Create a `SpatialSeries` object named `'SpatialSeries'` with some fake data.

In [3]:
import numpy as np
from pynwb.behavior import SpatialSeries

# create fake data with shape (100, 2)
# the first dimension should always represent time
position_data = np.array([np.linspace(0, 10, 100),
                          np.linspace(0, 8, 100)]).T
position_timestamps = np.linspace(0, 100) / 200

spatial_series_obj = SpatialSeries(
    name='SpatialSeries', 
    description='(x,y) position in open field',
    data=position_data,
    timestamps=position_timestamps,
    reference_frame='(0,0) is bottom left corner'
)

To help data analysis and visualization tools know that this `SpatialSeries` object represents the position of the animal, we will store the `SpatialSeries` object inside of a `Position` object.

In [4]:
from pynwb.behavior import Position

position_obj = Position(spatial_series=spatial_series_obj)

NWB differentiates between raw, acquired data, which should never change, and processed data, which is the result of a data preprocessing algorithm and could change. Next, let's assume that the animal's position was computed from a video tracking algorithm, so it would be classified as processed data. Since processed data can be very diverse, let's store the animal's position data in a processing module that we create specifically for behavioral data.

In [5]:
behavior_module = nwbfile.create_processing_module(
    name='behavior', 
    description='processed behavioral data'
)
behavior_module.add(position_obj)

Position pynwb.behavior.Position at 0x1951687640520
Fields:
  spatial_series: {
    SpatialSeries <class 'pynwb.behavior.SpatialSeries'>
  }

## Write to file

Now, let's try writing the NWB file that we have built so far.

In [6]:
from pynwb import NWBHDF5IO

with NWBHDF5IO('ecephys_tutorial.nwb', 'w') as io:
    io.write(nwbfile)

We can then read the file and print it to inspect its contents.
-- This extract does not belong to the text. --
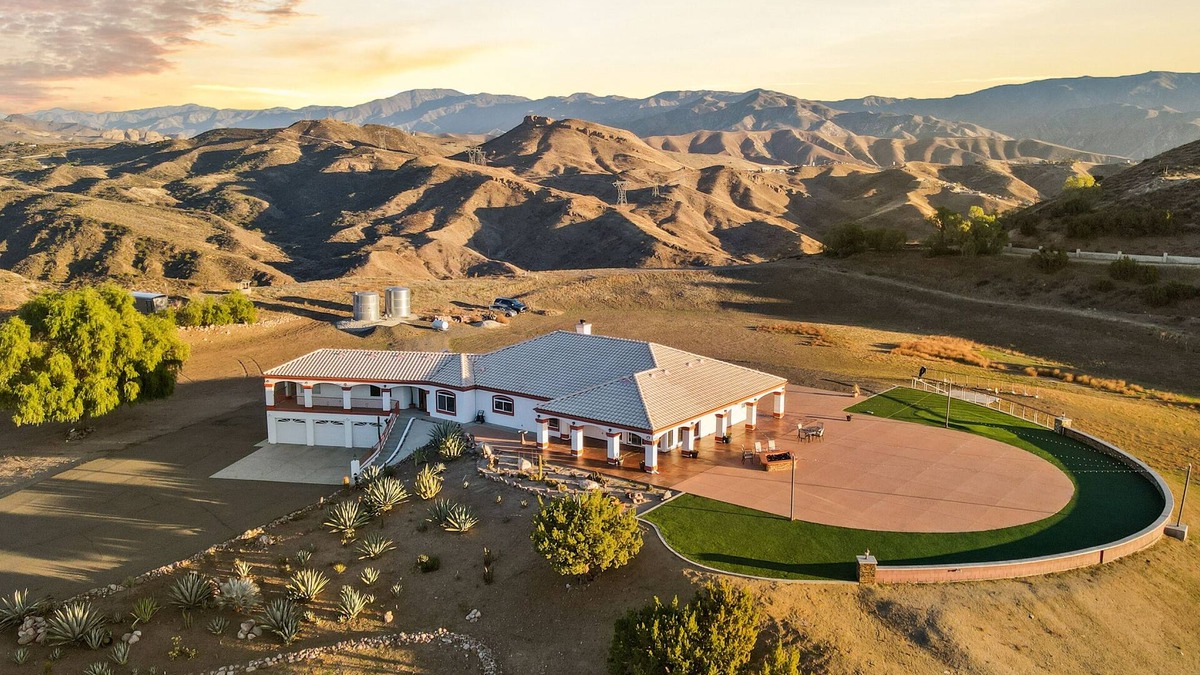 Santa Clarita House | Beautiful private mountain estate on 10 acres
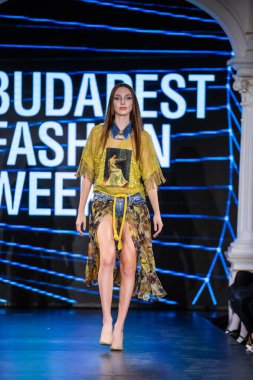 Budapeşte Macaristan, 13 Kasım 23: Budapeşte Moda Haftası modeli podyumda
You can then navigate to the `SpatialSeries` data that we created by referencing the names of the objects that contain it.

In [7]:
with NWBHDF5IO('ecephys_tutorial.nwb', 'r') as io:
    read_nwbfile = io.read()
    print(read_nwbfile)
    print(read_nwbfile.processing['behavior']['Position']['SpatialSeries'])

root pynwb.file.NWBFile at 0x1951403843144
Fields:
  experimenter: ['My Name']
  file_create_date: [datetime.datetime(2020, 5, 5, 9, 6, 50, 421191, tzinfo=tzoffset(None, -25200))]
  identifier: Mouse5_Day3
  institution: University of My Institution
  lab: My Lab Name
  processing: {
    behavior <class 'pynwb.base.ProcessingModule'>
  }
  related_publications: ['DOI:10.1016/j.neuron.2016.12.011']
  session_description: Mouse exploring an open field
  session_id: session_1234
  session_start_time: 2018-04-25 02:30:03-07:00
  subject: subject pynwb.file.Subject at 0x1951688124488
Fields:
  age: 9 months
  description: mouse 5
  sex: M
  species: Mus musculus

  timestamps_reference_time: 2018-04-25 02:30:03-07:00

SpatialSeries pynwb.behavior.SpatialSeries at 0x1951690279688
Fields:
  comments: no comments
  conversion: 1.0
  data: <HDF5 dataset "data": shape (100, 2), type "<f8">
  description: (x,y) position in open field
  interval: 1
  reference_frame: (0,0) is bottom left corner
  

## Trials

`DynamicTable` objects are used to store tabular metadata throughout NWB, including electrodes and sorted units. They offer flexibility for tabular data by allowing required columns, optional columns, and custom columns.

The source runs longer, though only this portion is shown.